• PROVIDED DATA
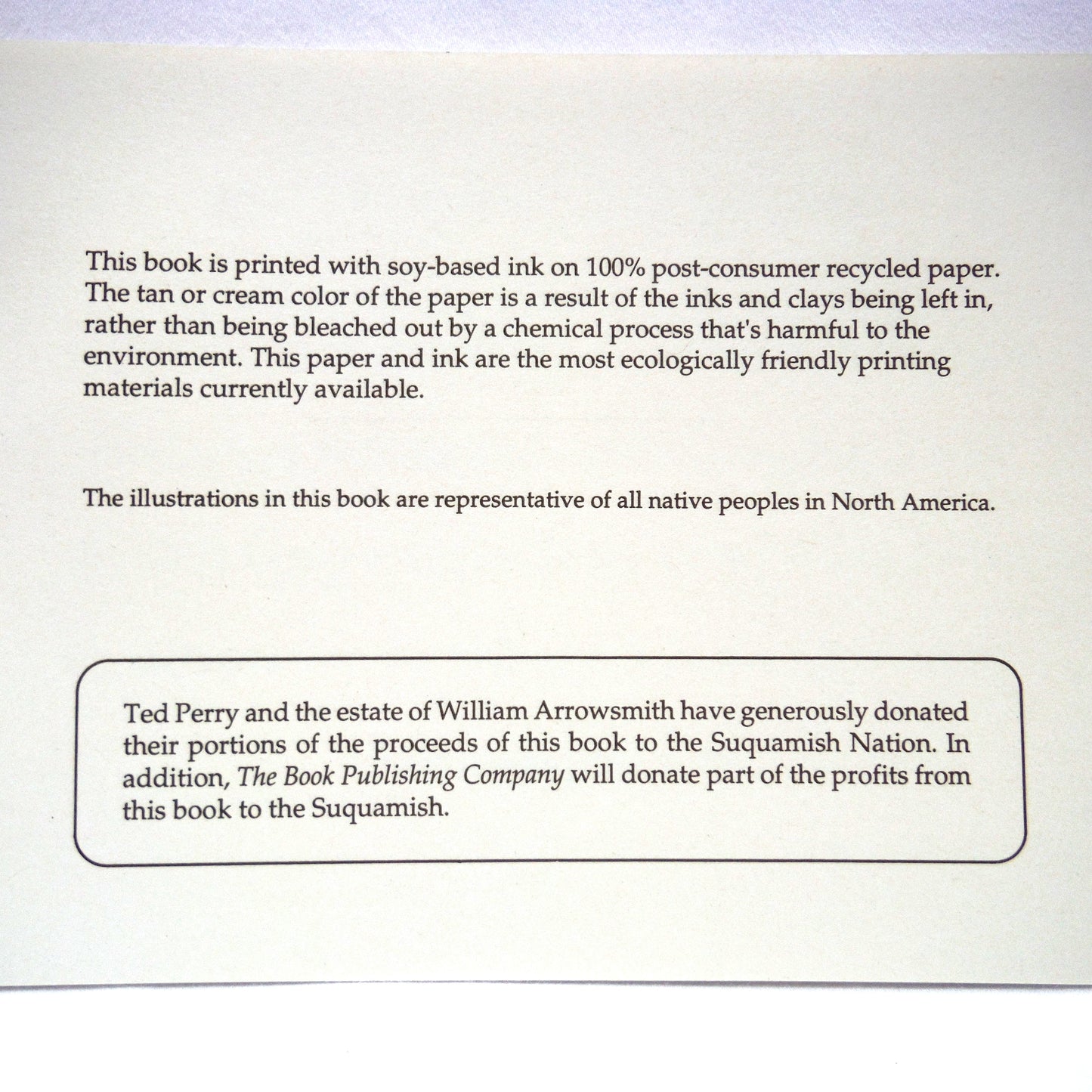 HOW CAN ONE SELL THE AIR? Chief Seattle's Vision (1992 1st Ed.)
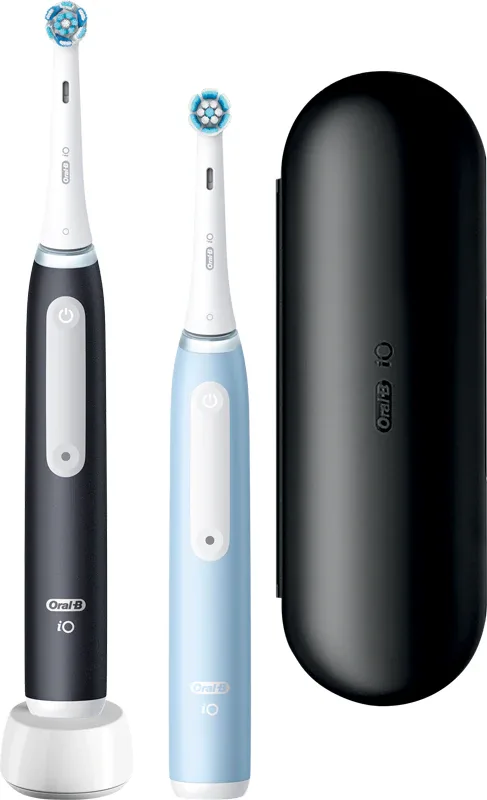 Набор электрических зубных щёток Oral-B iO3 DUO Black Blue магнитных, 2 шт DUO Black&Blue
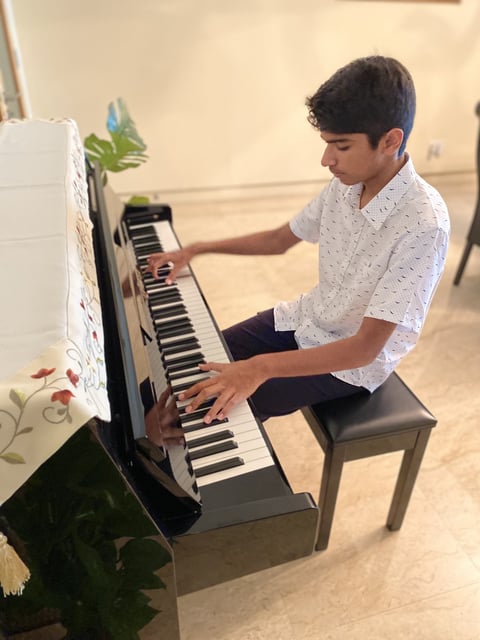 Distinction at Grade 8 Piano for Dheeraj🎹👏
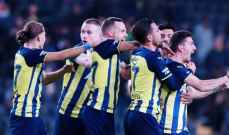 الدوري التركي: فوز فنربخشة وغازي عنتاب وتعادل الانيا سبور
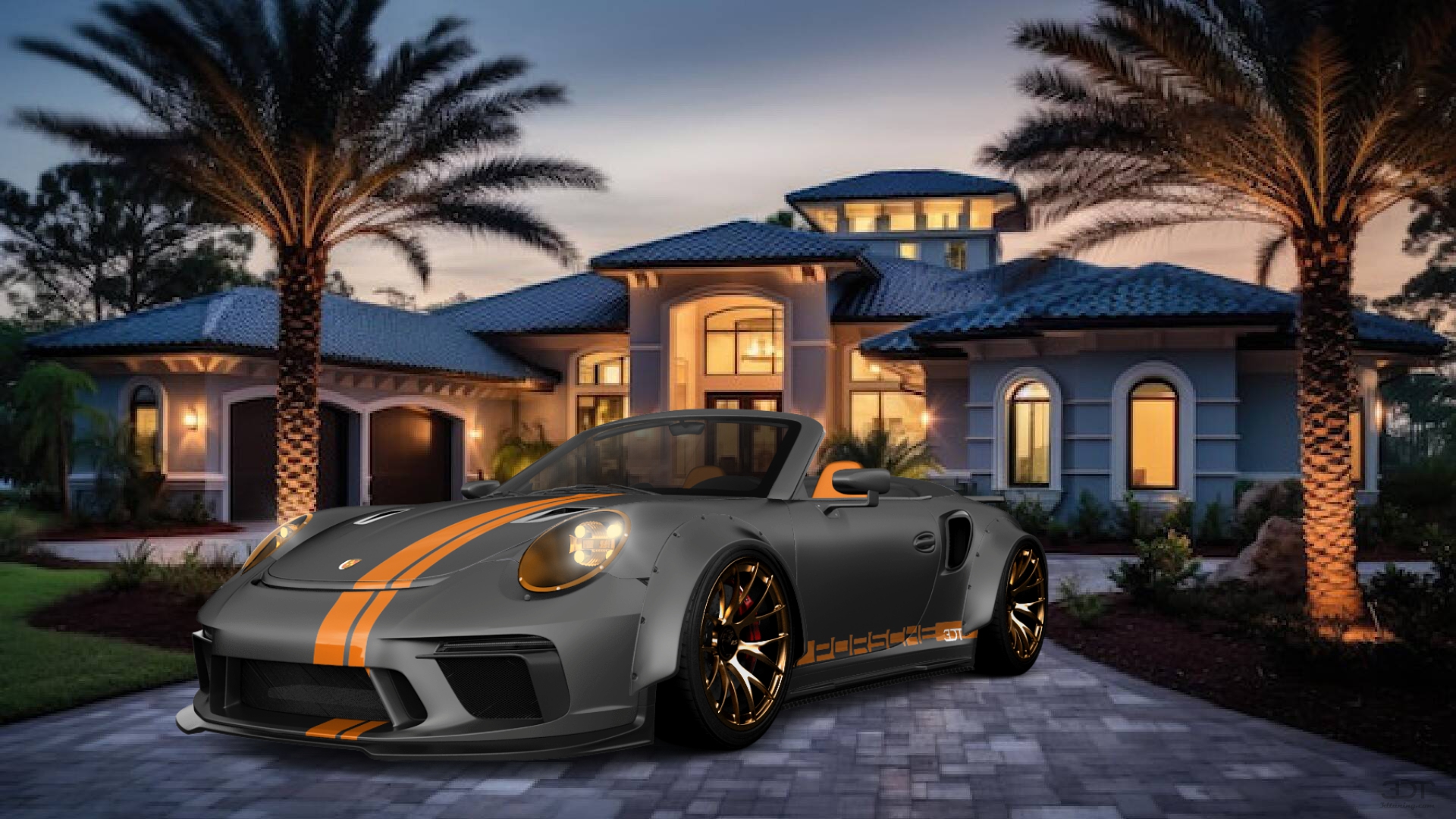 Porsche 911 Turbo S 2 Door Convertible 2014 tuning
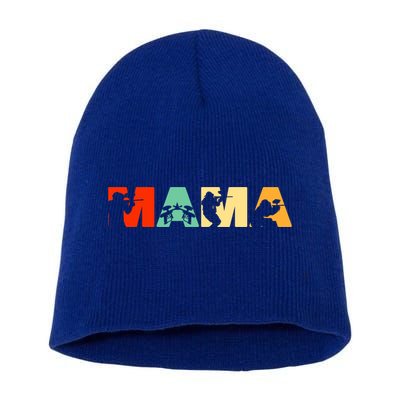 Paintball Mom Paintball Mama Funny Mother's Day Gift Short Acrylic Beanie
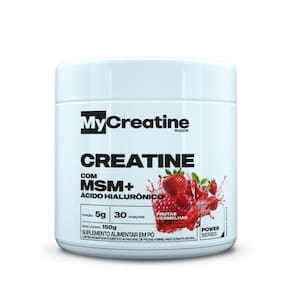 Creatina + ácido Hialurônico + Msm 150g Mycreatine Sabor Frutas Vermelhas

---

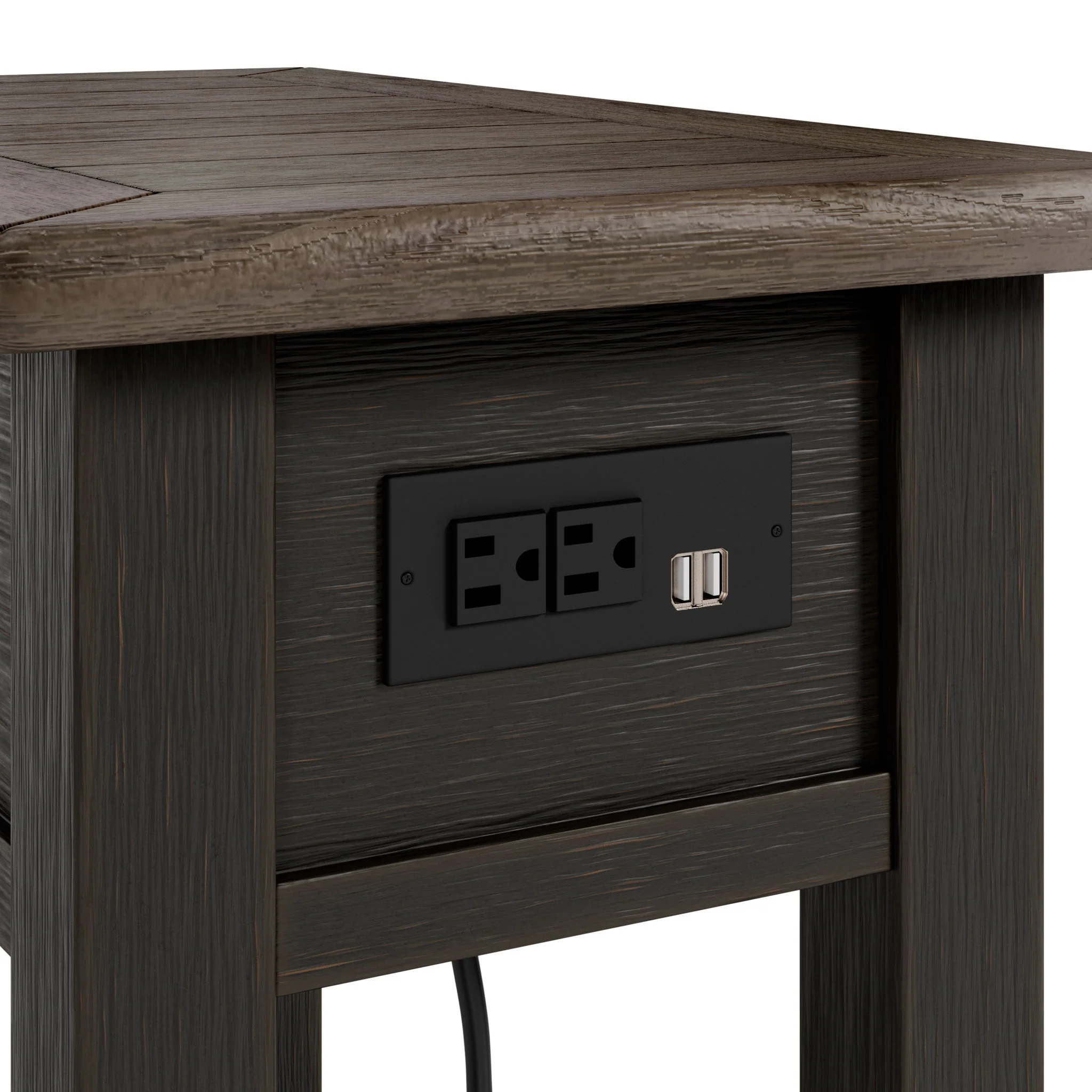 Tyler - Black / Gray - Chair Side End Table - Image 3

• PROBLEM DESCRIPTION
Go to the line above that has "Paintball Mom Paintball" and copy exactly from there down to the line that has "Creatina + ácido", both included. Leave the pictures out.

• EXERCISE RESPONSE
 Paintball Mom Paintball Mama Funny Mother's Day Gift Short Acrylic Beanie
 Creatina + ácido Hialurônico + Msm 150g Mycreatine Sabor Frutas Vermelhas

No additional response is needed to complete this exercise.